ADELANTE LA FE (traducción corregida)
Estimado
Sr. Magister:
Permítame
que responda a su artículo Monseñor Viganò al borde del cisma, publicado
el pasado día 29 en Séptimo cielo (aquí).
Soy
consciente de que haberme atrevido a expresar una opinión acerbamente crítica
del Concilio es suficiente para suscitar el espíritu inquisitorial que en otros
casos es objeto de denigración por parte de los conservadores. No
obstante, en una controversia respetuosa entre eclesiásticos y laicos
competentes, no me parece inadecuado plantear problemas que a día de hoy siguen
sin resolverse, el primero de los cuales es la crisis que aqueja a la Iglesia
desde el Concilio, que ha llegado ya a la devastación.
Hay
quien afirma que el Concilio ha sido falseado; otros hablan de la necesidad de
reinterpretarlo en continuidad con la Tradición; otros,
de la conveniencia de corregir los errores que pueda contener, o de interpretar
en sentido católico los puntos equívocos. En otro bando, no faltan quienes
consideran al Concilio una especie de turbia conjura a partir de la cual se
sigue la revolución, los cambios, la transformación de la Iglesia en una
entidad nueva, moderna, a la altura de los tiempos. Esto es parte de la dinámica
usual de un "diálogo" que se invoca con excesiva frecuencia pero rara vez de se
lleva a la práctica. Hasta ahora, quienes han expresado su desacuerdo con todo
lo que he afirmado no se han ocupado en ningún momento del fondo de la
cuestión. Se han limitado a tildarme con calificativos a los que se han hecho
acreedores mis más ilustres y venerables hermanos en el episcopado.
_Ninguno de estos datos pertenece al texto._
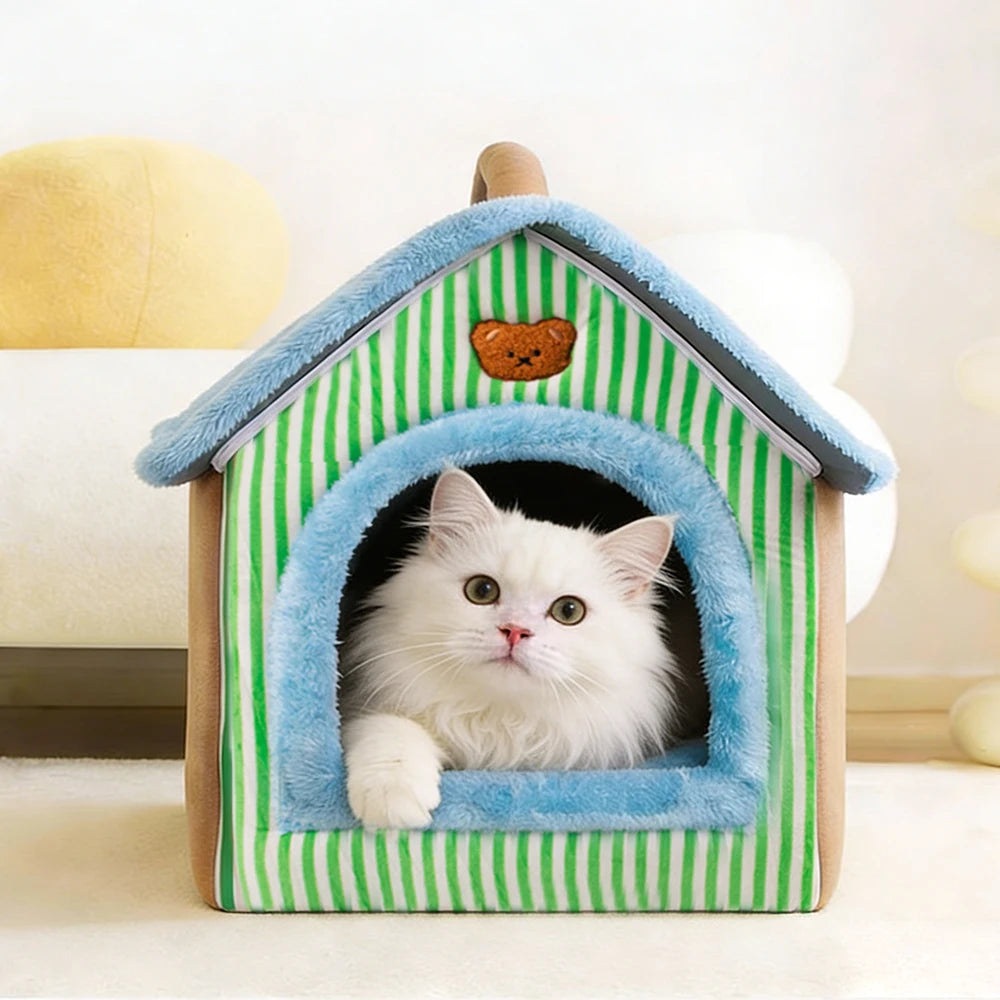 CozyFold™ Pet Cave – Soft Fiber Comfort, Removable Washable Design, Perfect for your Cats & Dogs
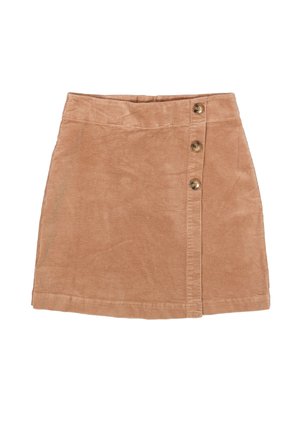 Lichtbruine corduroy rok met een knoopsluiting aan de voorkant, voorzien van drie grote knopen en een getailleerde pasvorm. Zachte textuur en duidelijke ribbels.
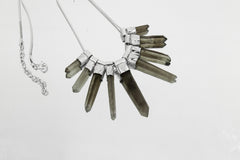 Smoky Citrine Quartz Stack Pendant Necklace: Sterling Silver, Australian Crystal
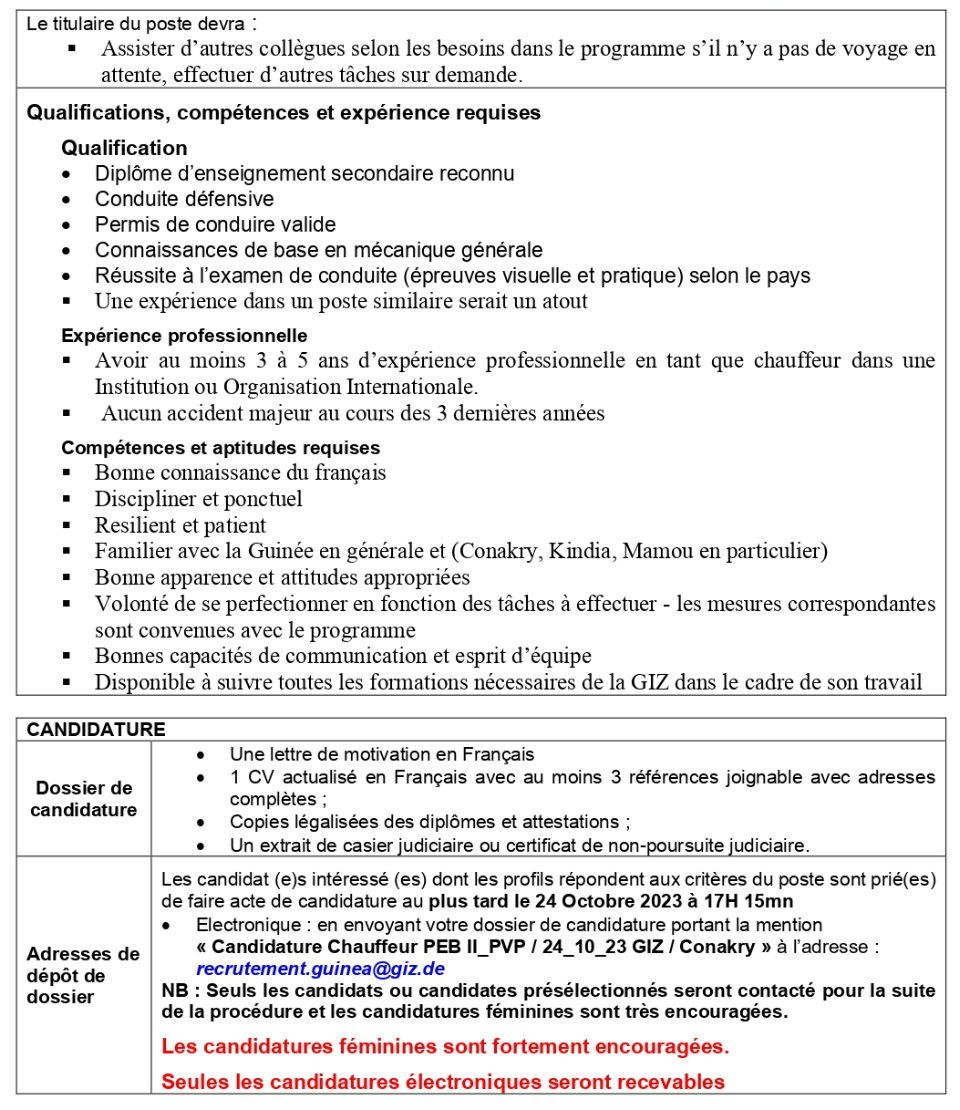 Avis de recrutement d'un(e) Chauffeur | Page 2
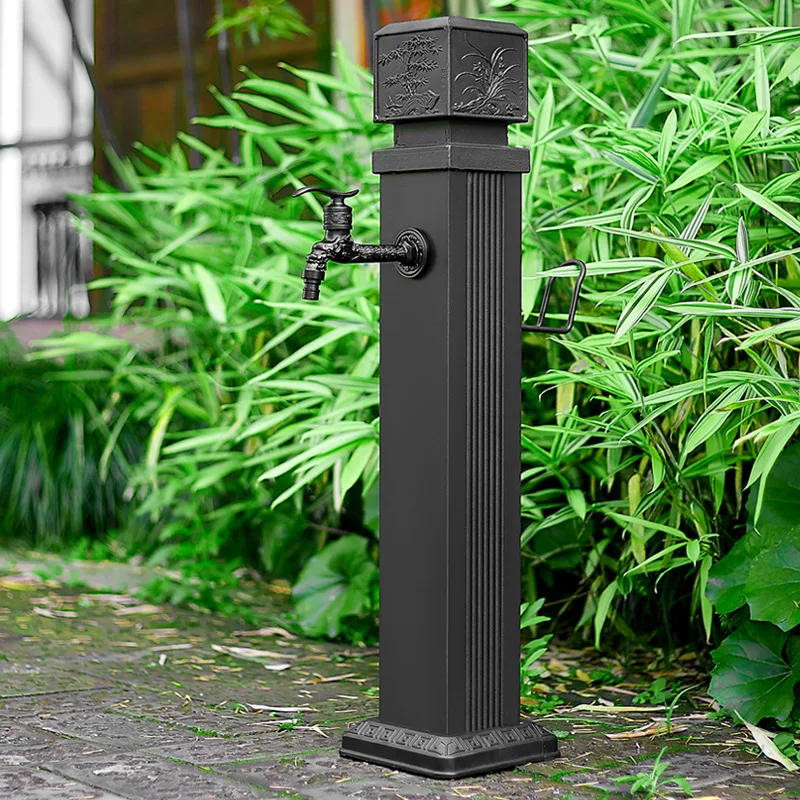 

Black Outdoor Faucet Antifreeze Garden Courtyard Faucet Multifunction Floor Standing Tap Vertical Water Hydrant Villa Vertical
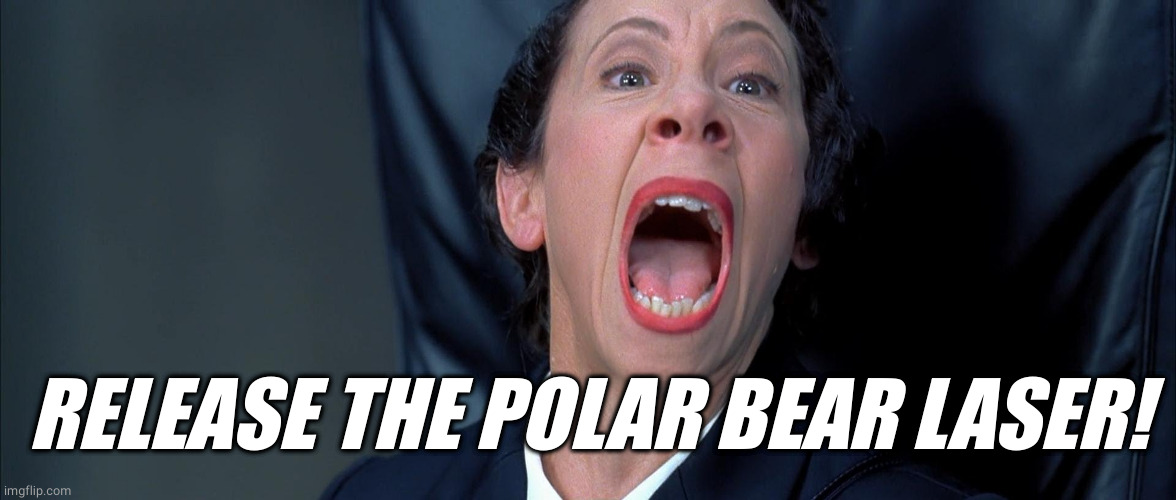 Frau Farbissina | RELEASE THE POLAR BEAR LASER! | image tagged in frau farbissina | made w/ Imgflip meme maker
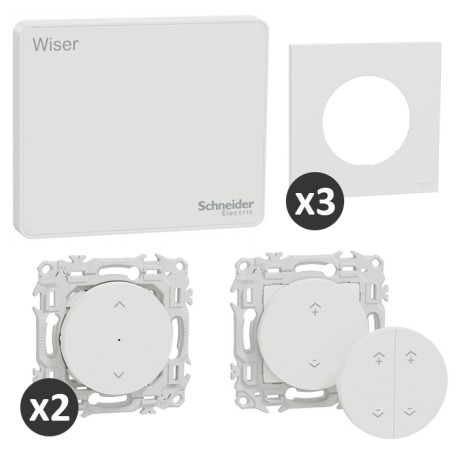 Schneider - Wiser - Kit centralisation volets roulants : commandes groupées programmables - Réf : S670131
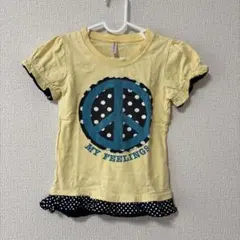 イエロー Tシャツ キッズ ドット柄 フリル付き 半袖Tシャツ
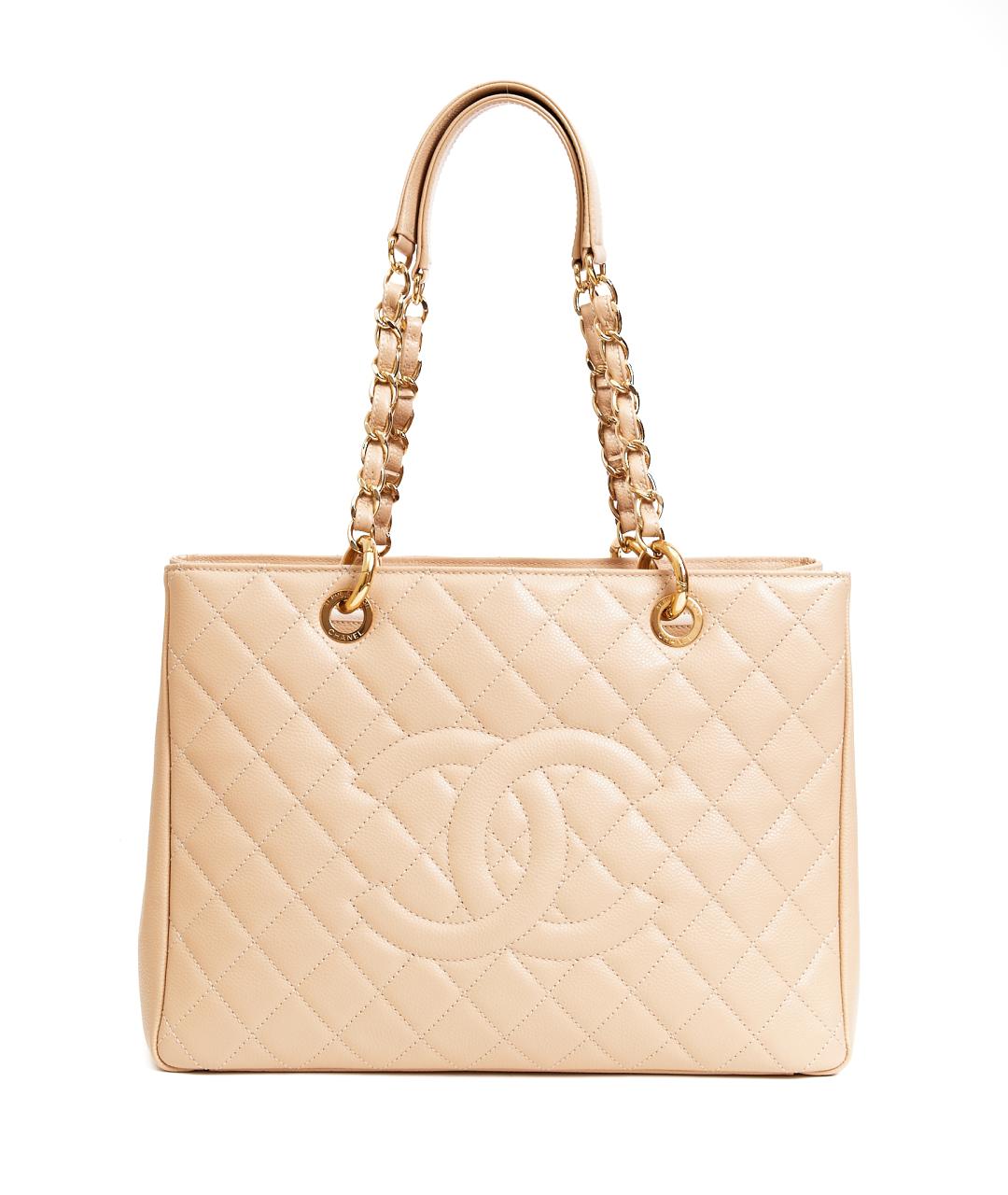 CHANEL Бежевая кожаная сумка тоут, фото 1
Es curioso
que tanto en el ruedo doctrinal como en el político, los progresistas
reinvindiquen una primacía, un estado superior que sitúa al adversario en
inferioridad ideológica, inmerecedor de atención y de respuestas y al que se
pueda dejar fácilmente fuera de combate tildándolo de lefebvrista en
lo religioso o de fascista en el terreno político. Pero la
falta de argumentos no legitima el poner las reglas ni decidir quién tiene
derecho a hacer uso de la palabra, y menos cuando la razón, antes incluso que
la fe, demuestra dónde está el engaño, quién es el autor, y qué se propone.
En
un principio creí que el contenido de su artículo habría de considerarse
ante todo como un comprensible tributo al Príncipe, ya sea en
los salones con frescos de la Tercera Logia o en el taller de diseño del Editor. Ahora bien, al leer lo que usted me atribuye, he
descubierto una inexactitud –llamémosla así– que espero sea fruto de un
malentendido. Le pido, pues, que me conceda espacio para ejercer mi derecho de
réplica en Settimo Cielo.
Según
afirma usted, yo habría acusado a Benedicto XVI de «haber “engañado” a toda la
Iglesia haciendo creer que el Concilio Vaticano II era inmune a herejías; es
más, que había que interpretarlo en perfecta continuidad con la doctrina
verdadera de siempre». No me parece haber escrito jamás nada parecido con
respecto al Santo Padre; todo lo contrario: he dicho, y lo reitero, que todos –o
casi todos– hemos sido engañados por quienes se han servido del Concilio como un "contenedor" equipado con su misma autoridad implícita y con la autoridad de los Padres que
en él participaron, alterando su finalidad. Quien se ha llamado a engaño lo ha
hecho porque, amando a la Iglesia y al Papado, no podía imaginar que dentro del
Concilio, una minoría de conspiradores con un alto nivel de organización pudieran
valerse de un concilio para demoler la Iglesia desde dentro. Y que pudieran
hacerlo contando con el silencio e inactividad –por no decir con la
complicidad– de la autoridad. Hablamos de hechos históricos, sobre los cuales
me permito darle una interpretación personal pero que considero que otros tal
vez comparten.
Igualmente
me permito recordarle por si fuera necesario que las posturas de relectura
moderada del Concilio en un sentido tradicional por parte de Benedicto XVI, son
parte de un digno pasado reciente; mientras que en los formidables años
setenta era muy diferente la postura del entonces teólogo Joseph Ratzinger.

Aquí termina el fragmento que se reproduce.